Akhir kata, radikalisasi buruh Indonesia tahun ini berlangsung dengan latar belakang sistem kapitalisme yang mulai goyah. Kita tinggal menengok ke lembar-lembar koran berita mengenai ekonomi Eropa dan Amerika Serikat. Tidak ada lagi optimisme di antara para pemilik modal. Krisis di AS dan Eropa, pusat kapitalisme dunia, semakin dalam dan tak terselesaikan. Negeri-negeri ini mengalami defisit anggaran yang begitu besar – karena membailout perusahaan-perusahaan dan bank-bank kapitalis – sehingga satu-satunya cara untuk menanggulangi defisit adalah melakukan pemotongan besar-besaran terhadap anggaran sosial rakyat pekerja (pendidikan, kesehatan, dll.), dana pensiun buruh, dan gaji-gaji pekerja. Namun solusi ini menemui perlawanan dari kaum buruh Eropa. Setiap usaha untuk menyelesaikan kontradiksi ekonomi hanya melahirkan kontradiksi sosial yang baru. Hanya perebutan kekuasaan oleh buruh yang bisa menyelesaikan kegilaan masyarakat kapitalis. Hari ini sudah bukan saatnya lagi ragu akan kekuatan revolusioner buruh dan tugas historis yang menantinya.

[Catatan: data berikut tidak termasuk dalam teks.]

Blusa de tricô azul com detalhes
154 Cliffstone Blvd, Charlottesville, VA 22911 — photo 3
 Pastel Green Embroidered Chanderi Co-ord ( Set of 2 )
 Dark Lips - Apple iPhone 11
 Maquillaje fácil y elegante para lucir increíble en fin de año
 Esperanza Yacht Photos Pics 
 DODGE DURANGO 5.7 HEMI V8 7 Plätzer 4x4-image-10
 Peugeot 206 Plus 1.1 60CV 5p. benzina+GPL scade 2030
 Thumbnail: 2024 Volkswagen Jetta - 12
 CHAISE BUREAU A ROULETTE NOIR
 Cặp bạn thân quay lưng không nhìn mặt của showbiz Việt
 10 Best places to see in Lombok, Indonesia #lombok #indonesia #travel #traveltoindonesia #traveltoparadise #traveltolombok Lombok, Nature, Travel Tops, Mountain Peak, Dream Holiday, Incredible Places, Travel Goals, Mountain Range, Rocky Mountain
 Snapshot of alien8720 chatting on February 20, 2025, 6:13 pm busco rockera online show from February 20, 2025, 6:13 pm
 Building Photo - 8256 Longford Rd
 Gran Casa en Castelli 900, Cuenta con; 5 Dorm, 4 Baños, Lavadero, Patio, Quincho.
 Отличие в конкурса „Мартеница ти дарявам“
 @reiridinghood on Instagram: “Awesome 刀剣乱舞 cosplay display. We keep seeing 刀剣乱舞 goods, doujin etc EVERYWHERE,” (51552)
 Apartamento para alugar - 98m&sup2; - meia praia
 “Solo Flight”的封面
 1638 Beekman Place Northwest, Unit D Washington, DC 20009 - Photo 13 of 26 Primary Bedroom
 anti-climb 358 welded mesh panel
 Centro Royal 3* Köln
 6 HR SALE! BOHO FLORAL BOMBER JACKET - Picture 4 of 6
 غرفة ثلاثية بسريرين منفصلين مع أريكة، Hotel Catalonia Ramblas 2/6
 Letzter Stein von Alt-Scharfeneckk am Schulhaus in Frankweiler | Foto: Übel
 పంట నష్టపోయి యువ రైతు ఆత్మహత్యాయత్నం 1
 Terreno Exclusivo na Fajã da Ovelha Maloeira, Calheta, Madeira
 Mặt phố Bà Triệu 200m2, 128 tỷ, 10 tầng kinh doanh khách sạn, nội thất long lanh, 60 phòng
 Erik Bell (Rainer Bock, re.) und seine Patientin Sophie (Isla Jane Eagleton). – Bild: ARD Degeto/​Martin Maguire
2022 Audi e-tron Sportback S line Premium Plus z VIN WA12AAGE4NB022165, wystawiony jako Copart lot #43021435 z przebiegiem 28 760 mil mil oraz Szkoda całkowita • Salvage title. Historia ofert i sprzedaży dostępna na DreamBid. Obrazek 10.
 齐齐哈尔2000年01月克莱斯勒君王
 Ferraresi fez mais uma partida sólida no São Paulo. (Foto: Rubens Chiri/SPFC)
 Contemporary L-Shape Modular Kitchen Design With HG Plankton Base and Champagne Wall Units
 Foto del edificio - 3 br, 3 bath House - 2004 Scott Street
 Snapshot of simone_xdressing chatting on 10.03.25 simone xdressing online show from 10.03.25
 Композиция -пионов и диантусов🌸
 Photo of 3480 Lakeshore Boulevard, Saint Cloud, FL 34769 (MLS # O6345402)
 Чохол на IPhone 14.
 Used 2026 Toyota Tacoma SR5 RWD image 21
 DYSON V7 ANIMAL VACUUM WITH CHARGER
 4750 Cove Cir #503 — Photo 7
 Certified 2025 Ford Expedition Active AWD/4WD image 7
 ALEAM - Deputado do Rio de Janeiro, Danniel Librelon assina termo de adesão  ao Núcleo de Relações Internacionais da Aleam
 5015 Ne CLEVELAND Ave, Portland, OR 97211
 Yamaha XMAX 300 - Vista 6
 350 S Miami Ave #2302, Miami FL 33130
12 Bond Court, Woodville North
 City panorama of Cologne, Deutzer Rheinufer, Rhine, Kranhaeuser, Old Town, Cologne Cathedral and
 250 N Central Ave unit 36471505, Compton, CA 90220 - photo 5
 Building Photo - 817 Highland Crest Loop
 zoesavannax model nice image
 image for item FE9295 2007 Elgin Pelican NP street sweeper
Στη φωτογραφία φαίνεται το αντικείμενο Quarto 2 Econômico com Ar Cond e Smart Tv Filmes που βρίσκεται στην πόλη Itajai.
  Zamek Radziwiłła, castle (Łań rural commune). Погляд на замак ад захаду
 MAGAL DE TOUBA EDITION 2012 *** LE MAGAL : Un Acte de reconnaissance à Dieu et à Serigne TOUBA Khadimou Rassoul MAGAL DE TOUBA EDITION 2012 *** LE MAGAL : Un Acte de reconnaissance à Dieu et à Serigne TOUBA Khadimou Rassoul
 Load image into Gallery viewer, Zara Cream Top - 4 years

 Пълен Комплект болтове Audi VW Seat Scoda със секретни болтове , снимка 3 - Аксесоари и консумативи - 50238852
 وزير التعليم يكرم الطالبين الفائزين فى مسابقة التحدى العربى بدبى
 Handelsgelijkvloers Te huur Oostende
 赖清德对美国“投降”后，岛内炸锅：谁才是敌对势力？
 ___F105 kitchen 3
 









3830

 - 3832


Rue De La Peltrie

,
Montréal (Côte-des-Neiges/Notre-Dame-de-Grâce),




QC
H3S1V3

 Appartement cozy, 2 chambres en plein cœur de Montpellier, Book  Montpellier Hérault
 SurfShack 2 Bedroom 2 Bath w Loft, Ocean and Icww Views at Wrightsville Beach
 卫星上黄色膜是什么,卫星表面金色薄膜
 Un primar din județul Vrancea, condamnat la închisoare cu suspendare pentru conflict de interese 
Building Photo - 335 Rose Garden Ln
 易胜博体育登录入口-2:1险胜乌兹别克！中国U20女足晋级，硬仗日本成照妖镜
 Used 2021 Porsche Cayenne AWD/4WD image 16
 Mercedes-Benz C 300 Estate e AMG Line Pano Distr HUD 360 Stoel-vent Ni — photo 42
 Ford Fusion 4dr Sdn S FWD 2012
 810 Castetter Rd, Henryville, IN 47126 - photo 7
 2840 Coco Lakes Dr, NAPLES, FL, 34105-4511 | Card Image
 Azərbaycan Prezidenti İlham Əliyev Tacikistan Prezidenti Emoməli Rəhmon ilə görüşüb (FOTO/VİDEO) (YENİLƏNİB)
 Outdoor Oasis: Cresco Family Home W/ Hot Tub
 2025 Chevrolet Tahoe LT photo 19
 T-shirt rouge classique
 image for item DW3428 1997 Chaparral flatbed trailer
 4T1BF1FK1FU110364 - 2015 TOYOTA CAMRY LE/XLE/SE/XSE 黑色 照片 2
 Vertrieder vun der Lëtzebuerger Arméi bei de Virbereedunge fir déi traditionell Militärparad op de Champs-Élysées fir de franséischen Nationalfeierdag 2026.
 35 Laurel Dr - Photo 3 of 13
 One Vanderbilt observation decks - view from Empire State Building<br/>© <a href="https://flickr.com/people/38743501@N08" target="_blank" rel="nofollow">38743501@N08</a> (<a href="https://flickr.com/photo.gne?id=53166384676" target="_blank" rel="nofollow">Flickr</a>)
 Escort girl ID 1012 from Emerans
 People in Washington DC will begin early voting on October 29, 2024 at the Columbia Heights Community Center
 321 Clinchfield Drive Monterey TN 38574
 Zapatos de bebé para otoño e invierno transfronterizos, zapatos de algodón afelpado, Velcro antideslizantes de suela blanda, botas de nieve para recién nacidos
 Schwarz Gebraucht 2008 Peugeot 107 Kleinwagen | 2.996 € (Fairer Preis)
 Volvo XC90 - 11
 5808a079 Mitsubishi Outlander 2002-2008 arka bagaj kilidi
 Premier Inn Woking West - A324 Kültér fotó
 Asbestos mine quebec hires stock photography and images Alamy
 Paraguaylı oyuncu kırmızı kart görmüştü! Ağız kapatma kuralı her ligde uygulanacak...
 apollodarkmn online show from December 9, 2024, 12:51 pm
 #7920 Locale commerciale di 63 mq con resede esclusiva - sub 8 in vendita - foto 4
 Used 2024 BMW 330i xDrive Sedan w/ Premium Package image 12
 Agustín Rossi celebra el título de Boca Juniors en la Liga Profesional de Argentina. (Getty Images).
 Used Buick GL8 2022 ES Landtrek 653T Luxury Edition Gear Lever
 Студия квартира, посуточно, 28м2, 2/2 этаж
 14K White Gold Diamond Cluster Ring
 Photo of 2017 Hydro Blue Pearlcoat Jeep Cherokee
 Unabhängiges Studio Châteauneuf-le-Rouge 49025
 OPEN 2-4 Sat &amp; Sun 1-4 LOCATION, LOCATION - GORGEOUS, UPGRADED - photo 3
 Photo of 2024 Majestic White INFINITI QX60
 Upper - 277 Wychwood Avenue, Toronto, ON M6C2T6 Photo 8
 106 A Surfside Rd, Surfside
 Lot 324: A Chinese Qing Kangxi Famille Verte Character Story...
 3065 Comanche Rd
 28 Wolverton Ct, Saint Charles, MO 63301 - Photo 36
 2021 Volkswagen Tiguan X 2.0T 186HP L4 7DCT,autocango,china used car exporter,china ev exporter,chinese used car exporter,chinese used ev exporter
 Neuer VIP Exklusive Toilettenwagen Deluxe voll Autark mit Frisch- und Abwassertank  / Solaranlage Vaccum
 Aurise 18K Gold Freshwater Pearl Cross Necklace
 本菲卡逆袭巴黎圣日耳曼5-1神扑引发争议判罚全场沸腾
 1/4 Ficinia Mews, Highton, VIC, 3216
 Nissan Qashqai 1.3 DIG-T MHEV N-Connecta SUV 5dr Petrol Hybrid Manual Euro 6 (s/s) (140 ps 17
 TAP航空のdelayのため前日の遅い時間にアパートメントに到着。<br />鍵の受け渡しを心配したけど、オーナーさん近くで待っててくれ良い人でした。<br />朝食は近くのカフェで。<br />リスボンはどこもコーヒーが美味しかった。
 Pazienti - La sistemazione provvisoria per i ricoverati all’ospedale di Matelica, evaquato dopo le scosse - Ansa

Semua usaha harus dilakukan untuk menghubungkan perjuangan ekonomi dengan perjuangan politik, perjuangan sehari-hari dengan perspektif perebutan kekuasaan politik dan ekonomi. Tahun 2013 harus dibuka dengan komitmen ini, dan dengan ini kita akan melangkah lebih dekat ke realisasi slogan “Buruh Berkuasa Rakyat Sejahtera”.